4.2. Predicting Pharmacokinetics and Pharmacodynamics
The key concepts of pharmacology include pharmacokinetics and pharmacodynamics. While pharmacodynamics focuses on how a drug works in the body and how it affects other systems in the body, pharmacokinetics deals with the study of drug absorption, distribution, metabolism, and elimination (ADME)
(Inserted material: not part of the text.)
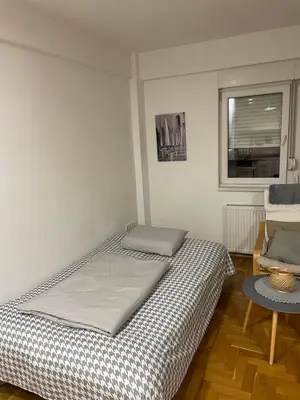 a bedroom with a bed and a table and a window at Evergrey in Banja Luka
[68]. The application of AI techniques in pharmacokinetics and pharmacodynamics has created new opportunities to improve drug development and personalized treatments. It can analyse complex datasets, identify trends and make predictions that could improve patient outcomes, improve drug delivery and minimize side effects
[69][70]. ML and DL techniques are widely used to predict pharmacokinetic parameters. Numerous ML techniques—including Bayesian model, RF, SVM, ANN, and decision tree—have been used to predict the ADME of drugs. To predict various pharmacokinetic parameters such as drug absorption, bioavailability, clearance, volume of distribution, and half-life, DL algorithms such as Convolutional Neural Networks (CNN), Short-Term Memory (LSTM), and RNN are often used. A computational method called quantitative structure–activity relationship (QSAR) uses the chemical structure of a molecule to predict its biological activity
[71][72][73]. With improved training data, a 47th version of admetSAR 2.0 is now available. This program also includes a module called ADMETopt, which is used to optimize lead activity based on expected ADMET attributes
[74]. AI techniques facilitate the modelling of drug–receptor interactions and the prediction of drug efficacy and toxicity in the field of pharmacodynamics. The use of AI in pharmacokinetics and pharmacodynamics can significantly accelerate the drug discovery process and improve precision medicine
[70][75]. Obrezanova et al. used conventional ML techniques and multitask convolutional neural networks to calculate time-dependent pharmacokinetic profiles and nine in vivo pharmacokinetic parameters in rats (oral and intravenous administration) based on in vitro measured ADME properties and molecular chemical structures of 3000 different compounds
[76]. Ye et al. used transfer learning and multitasked learning to pre-train the model on over 30 million bioactivity data points. The model was then used to estimate four human pharmacokinetic parameters: oral bioavailability, plasma protein binding, V
d, and half-life, for 1104 FDA-approved small-molecule drugs. Compared to other traditional ML techniques, their DL model showed the highest performance (although not always by a significant margin) and generalization ability, achieving a mean absolute error or MAE = 0.31 for oral bioavailability and MAE = 0.17 for V
d [77]. Interestingly, Lou et al. created a model that predicts the bioavailability of mAbs administered through subcutaneous preparation in humans. A dataset of 45 clinical mAbs—with sequence and structure-based features including isoelectric point, total charge, aggregation propensity, solubility score, surface hydrophobicity spots, positive charge, and negative charge (with a threshold of 70% bioavailability)—were used to build a classification model. The study used a range of traditional Scikit-Learn ML techniques such as Adaptive Boost, Multilayer Perceptron, RF, and SVM. Among them, the tree approach showed the highest accuracy, reaching 78%
[78].
Two areas that benefit greatly from the implementation of AI algorithms are drug design and optimization. De novo design, virtual screening, and structure-based drug design are just a few examples of these algorithms. The application of AI to drug development and optimization has a transformative impact on the discipline, enabling the rapid discovery of new therapeutic candidates and the more targeted and effective exploration of chemical space.